Problem to solve = Your answer must match, word for word, the lines from the one holding "Cream Woven Shoulder Bag" through the final line below, with pictures excluded.

Records shown =
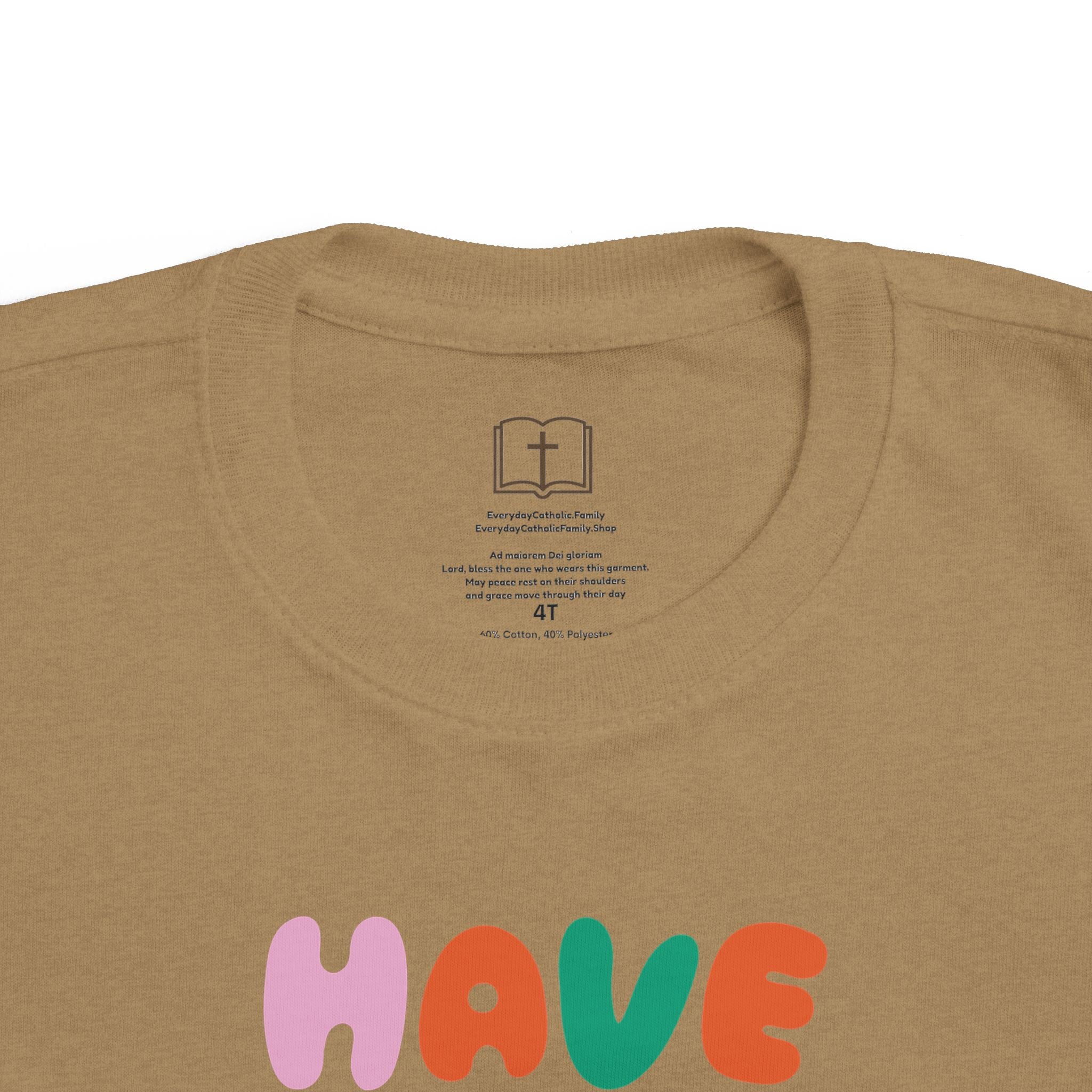 Camiseta "Ten Fe" para niños pequeños | Camiseta cristiana inspiradora para niños y niñas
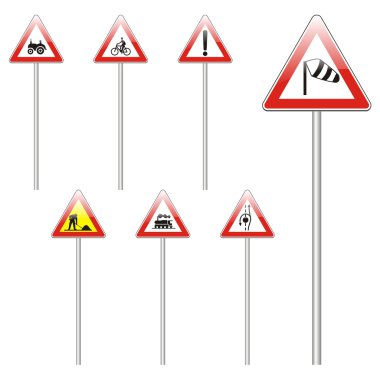 Isolated european road signs clipart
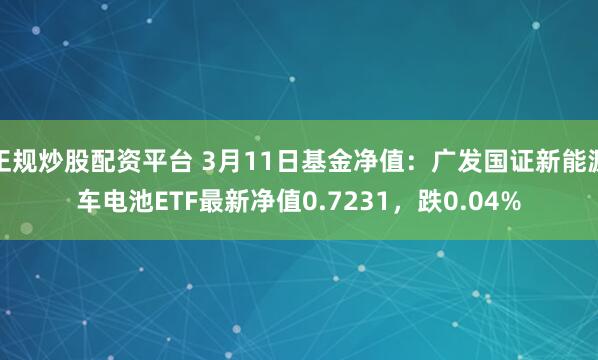 正规炒股配资平台 3月11日基金净值：广发国证新能源车电池ETF最新净值0.7231，跌0.04%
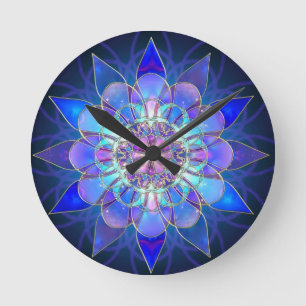 Blue Flower Mandala Fractal Round Clock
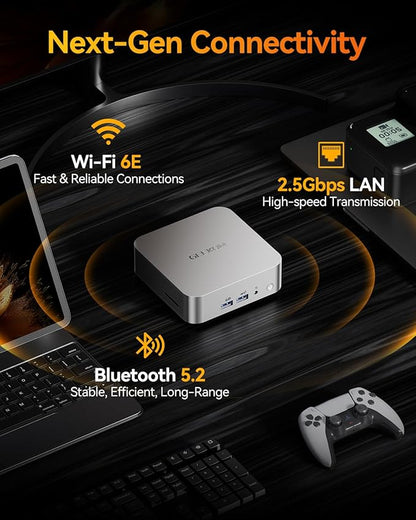 GEEKOM A8 Mini PC with AMD Ryzen 7 8745HS (Beats 6800H), 16GB DDR5 RAM (Upgradable, Not LPDDR) 1TB NVMe SSD, Windows 11 Pro Desktop Computer for Home&Business, USB4, SD Slot, 8K | WiFi 6E, 2.5G LAN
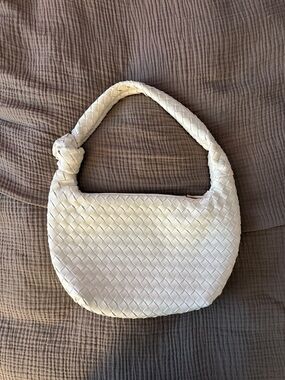 Cream Woven Shoulder Bag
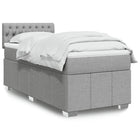 Box spring with mattress fabric light gray 90x200 cm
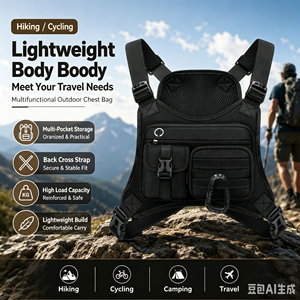 Chaleco Táctico con Bolsillos, Riñonera de Pecho, Correa de Hombro Ajustable, Malla Trasera con Cremallera, Múltiples Bolsillos, Bolsa de Almacenamiento para Ciclismo al Aire Libre - Product Image 2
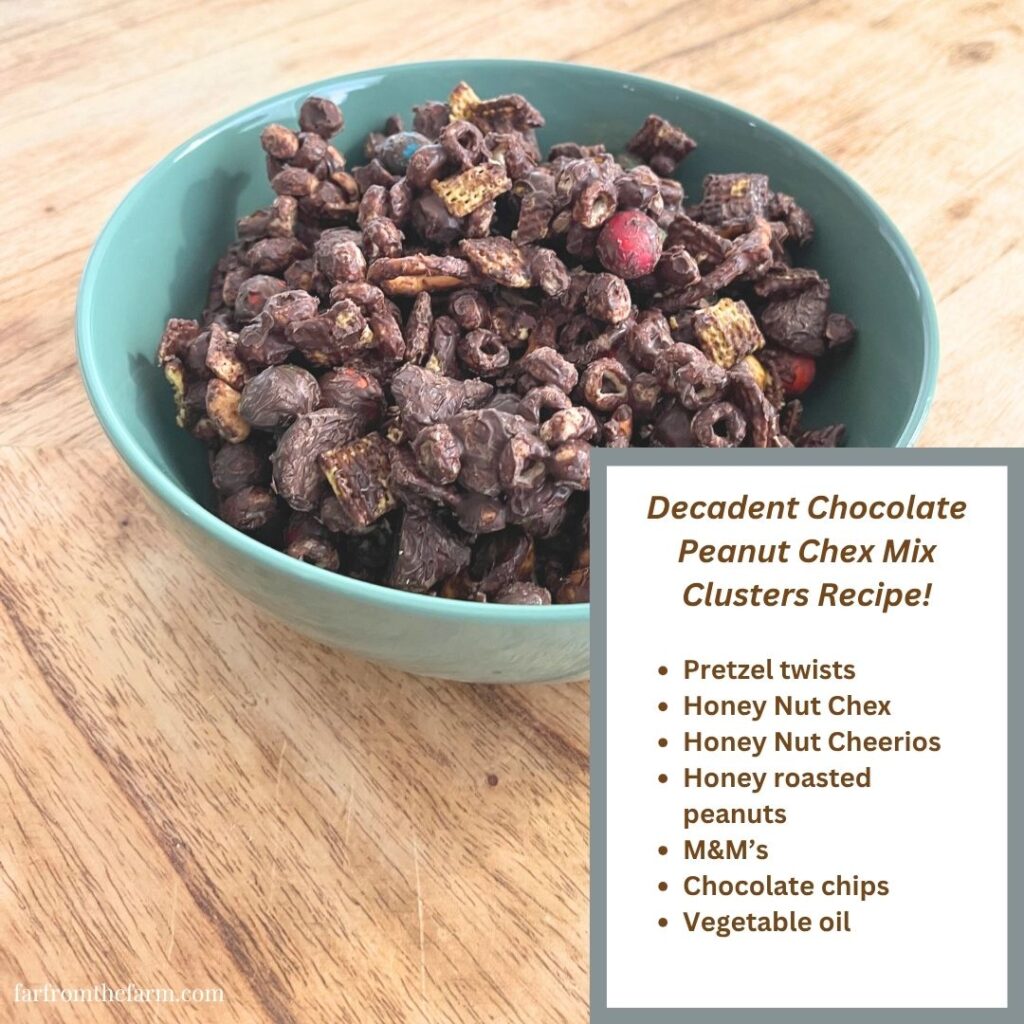 Decadent Chocolate Peanut Chex Mix Clusters Recipe!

Completed exercise =
 Cream Woven Shoulder Bag
 Box spring with mattress fabric light gray 90x200 cm
 Chaleco Táctico con Bolsillos, Riñonera de Pecho, Correa de Hombro Ajustable, Malla Trasera con Cremallera, Múltiples Bolsillos, Bolsa de Almacenamiento para Ciclismo al Aire Libre - Product Image 2
 Decadent Chocolate Peanut Chex Mix Clusters Recipe!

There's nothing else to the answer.